Question

A savings and loan association needs information concerning the checking account balances of its local customers. A random sample of 14 accounts was checked and yielded a mean balance of $664.14 and a standard deviation of $279.29. Find a 99% confidence interval for the true mean checking account balance for local customers.

Answer 1

Answer:

The 99% confidence interval for the true mean checking account balance for local customers is ($439.29, $888.99).

Step-by-step explanation:

We have the standard deviation for the sample, which means that the t-distribution is used to solve this question.
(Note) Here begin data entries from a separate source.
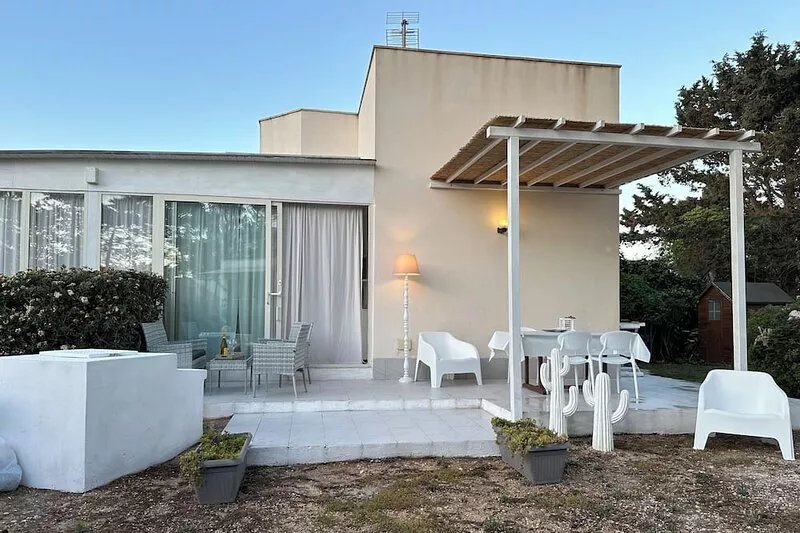 Kalos house with garden a few steps from the sea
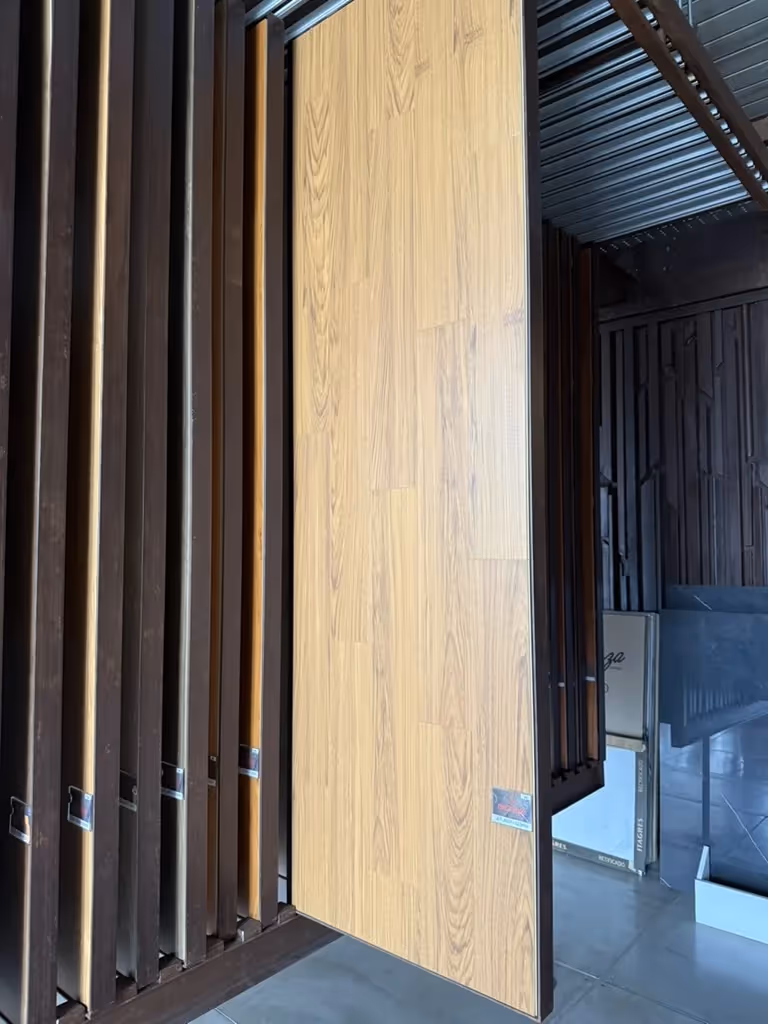 Piso flotante laminado 12mm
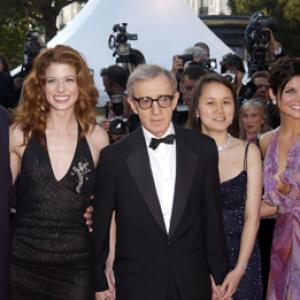 Woody Allen, Treat Williams, Debra Messing, Tiffani Thiessen, Barney Cheng and Soon-Yi Previn at event of Hollywood Ending (2002)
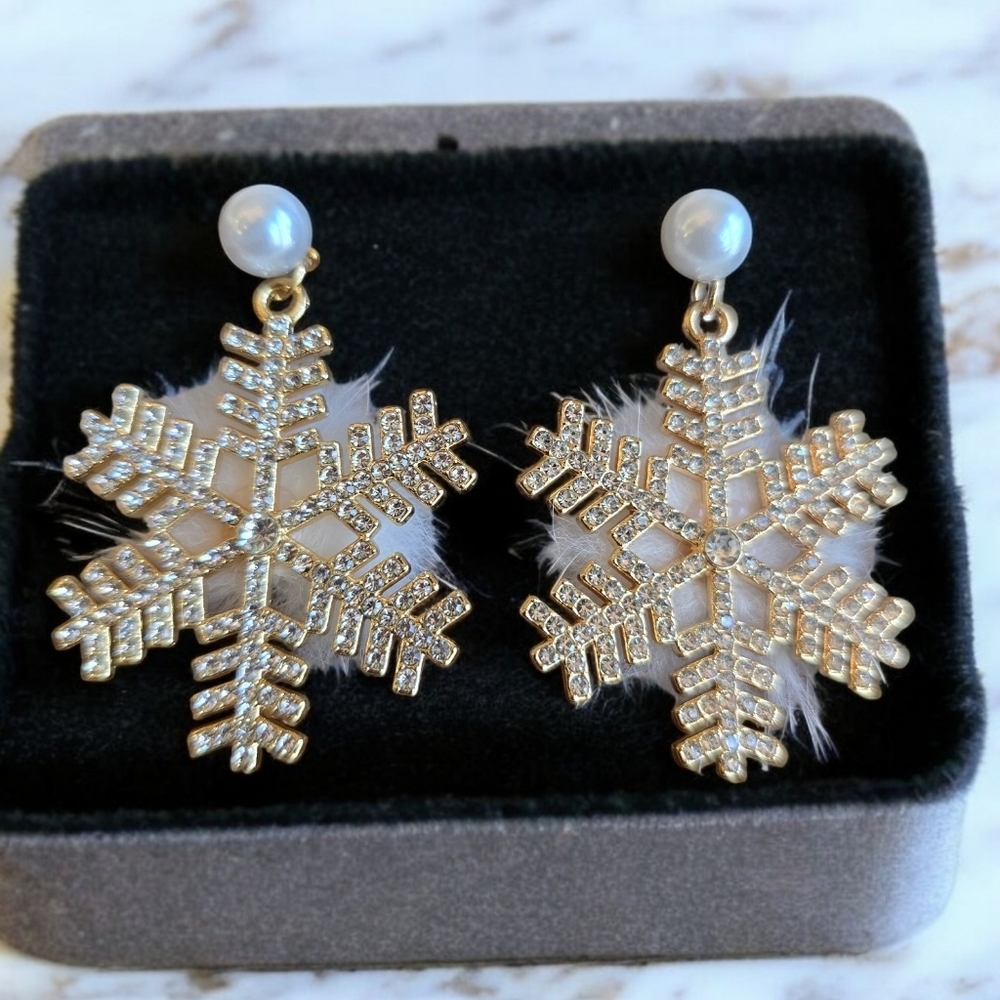 Fashion Jewelry Faux Pearl, Snowflake Gold  and Crystal Earrings with fuzzy back - Picture 5 of 5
The first step to solve this problem is finding how many degrees of freedom, we have. This is the sample size subtracted by 1. So

df = 14 - 1 = 13

99% confidence interval

Now, we have to find a value of T, which is found looking at the t table, with 13 degrees of freedom(y-axis) and a confidence level of $1 - \frac{1 - 0.99}{2} = 0.995$. So we have T = 3.0123

The margin of error is:

$M = T\frac{s}{\sqrt{n}} = 3.0123\frac{279.29}{\sqrt{14}} = 224.85$

In which s is the standard deviation of the sample and n is the size of the sample.

The lower end of the interval is the sample mean subtracted by M. So it is 664.14 - 224.85 = $439.29

The upper end of the interval is the sample mean added to M. So it is 664.14 + 224.85 = $888.99.

The 99% confidence interval for the true mean checking account balance for local customers is ($439.29, $888.99).